Jakarta (ANTARA News) - Industri tekstil dan produk tekstil Indonesia di era 80-an dan 90-an mengalami masa jaya-jayanya sebagai industri yang bersinar di kala itu, sehingga menjadi andalan utama Indonesia dalam peraihan devisa ekspor nonmigas.Skema yang diusulkan adalah pengurangan pajak bagi industri yang terlibat dalam pelatihan dan pendidikan vokasi sebesar 200 persen. Sedangkan, bagi industri yang melakukan kegiatan litbang atau inovasi sebesar 300 persen.

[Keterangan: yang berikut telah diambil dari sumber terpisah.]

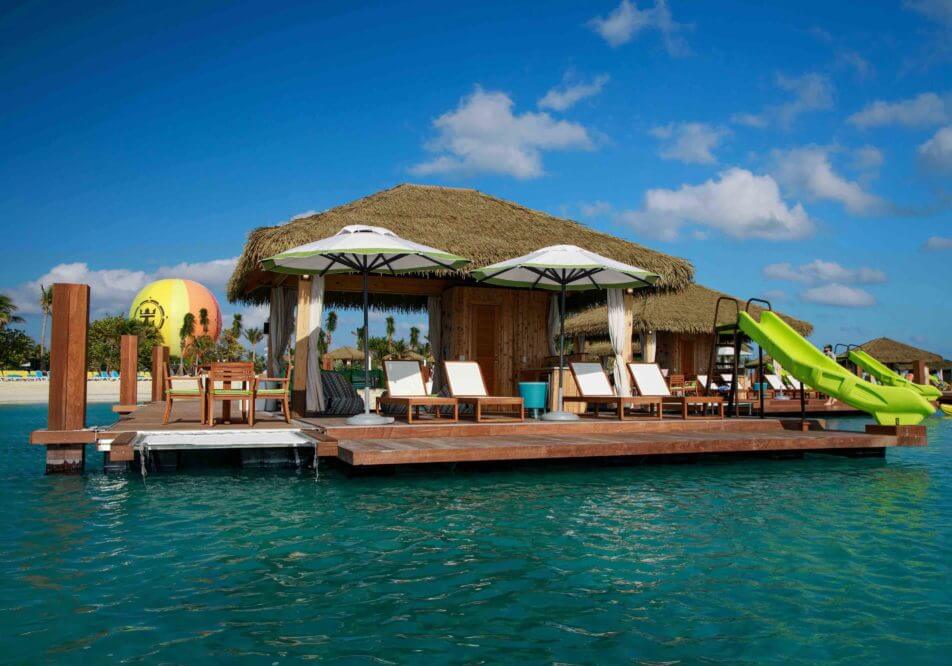 Perfect Day Coco Beach Club beach cabana lounge relax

Namun sejalan dengan makin banyaknya sejumlah negara di Asia dan ASEAN yang juga memperkokoh industri tekstil dan produk tekstil (TPT) di negaranya masing-masing, industri TPT nasional mulai agak redup mengingat untuk beberapa jenis kalah bersaing.

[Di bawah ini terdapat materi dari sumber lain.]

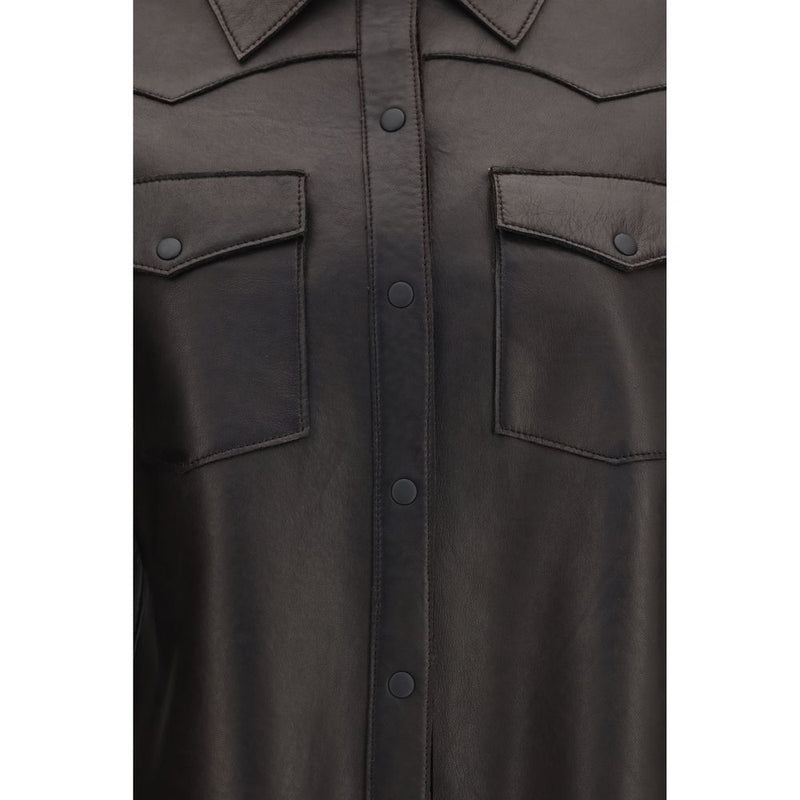 P.A.R.O.S.H. Black Lamb Leather Leather Jacket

Akibatnya, tak sedikit industri TPT terutama berskala kecil dan menengah terpaksa gulung tikar sementara untuk industri skala menengah dan besar mulai banyak mengurangi produksi.
Tak ingin industri TPT mati suri mengingat mampu menyerap banyak tenaga kerja, pemerintah sedang melakukan identifikasi terhadap industri TPT untuk meningkatkan kapasitas produksinya baik untuk memenuhi kebutuhan pasar dalam negeri sebagai substitusi impor maupun keperluan mengisi kancah ekspor.
Kepada perusahaan-perusahaan tersebut, pemerintah siap memberikan beberapa kemudahan fasilitas. Fasilitas itu antara lain, kemudahan untuk mendapatkan mesin dan barang modal yang lebih cepat, kemudian jaminan akses terhadap ketersediaan bahan baku.
Menteri Perindustrian Airlangga Hartarto, mengatakan seiring menggenjot produktivitas industri TPT, Kementerian Perindustrian juga melakukan peningkatan kompetensi sumber daya manusia (SDM) melalui program pendidikan vokasi yang saling terkait antara Sekolah Menengah Kejuruan (SMK) dengan industri.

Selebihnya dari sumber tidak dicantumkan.